Así pues, el año 1914 y la cumbre del monte Ganekogorta protagonizan el inicio o pistoletazo a la historia de los concursos de montaña
Seguidamente, tras lo anterior, dejamos las biografías de los dos pioneros en el Concurso de los Cien Montes que protagonizan la camiseta conmemorativa, entresacadas las mismas de la Wikipedia de internet:
Indalecio Ojanguren Arrillaga (Eibar, 15/11/1887-Eibar, 18/02/1972), conocido como el “Fotógrafo Águila”. Fue un relevante fotógrafo eibartarra de principios del siglo XX que destacó por la fotografía paisajística, producto de su afición montañera.
Recibió el nombre de "Indalecio" en honor del que fue su padrino de bautizo, Indalecio Sarasqueta, conocido como Txikito de Eibar y Azpiri txiki, afamado pelotari de finales del siglo XIX.
A los dieciséis años de edad entra a trabajar en la empresa G.A.C., que en aquel entonces producía armas cortas, pistolas y revólveres. Allí se especializa en montajes de movimientos de disparadores de revólveres.

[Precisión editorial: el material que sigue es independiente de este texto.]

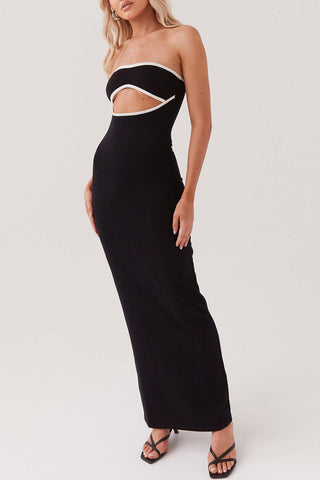 Strapless Cut-Out Maxi Dress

A comienzos del siglo XX, influenciado por el fotógrafo Román Ortuoste, Ojanguren comienza a interesarse en la fotografía. En 1908 el diario madrileño ABC publica una fotografía suya, siendo la primera vez que le pagaban por una fotografía, en la que mostraba una inundación ocurrida en Eibar, en la cual su propia casa de Ardanza fue una de las siniestradas.
En ese tiempo, comienza a recorrer los montes de los alrededores al recibir consejo médico de que debía «andar, andar y andar». La úlcera que tempranamente le habían diagnosticado no le permitía pasar las tardes de txikiteo con su cuadrilla. Indalecio Ojanguren perdió de esta forma una costumbre muy acendrada entre sus paisanos e inició la otra gran afición que, con el rodar del tiempo, le haría célebre.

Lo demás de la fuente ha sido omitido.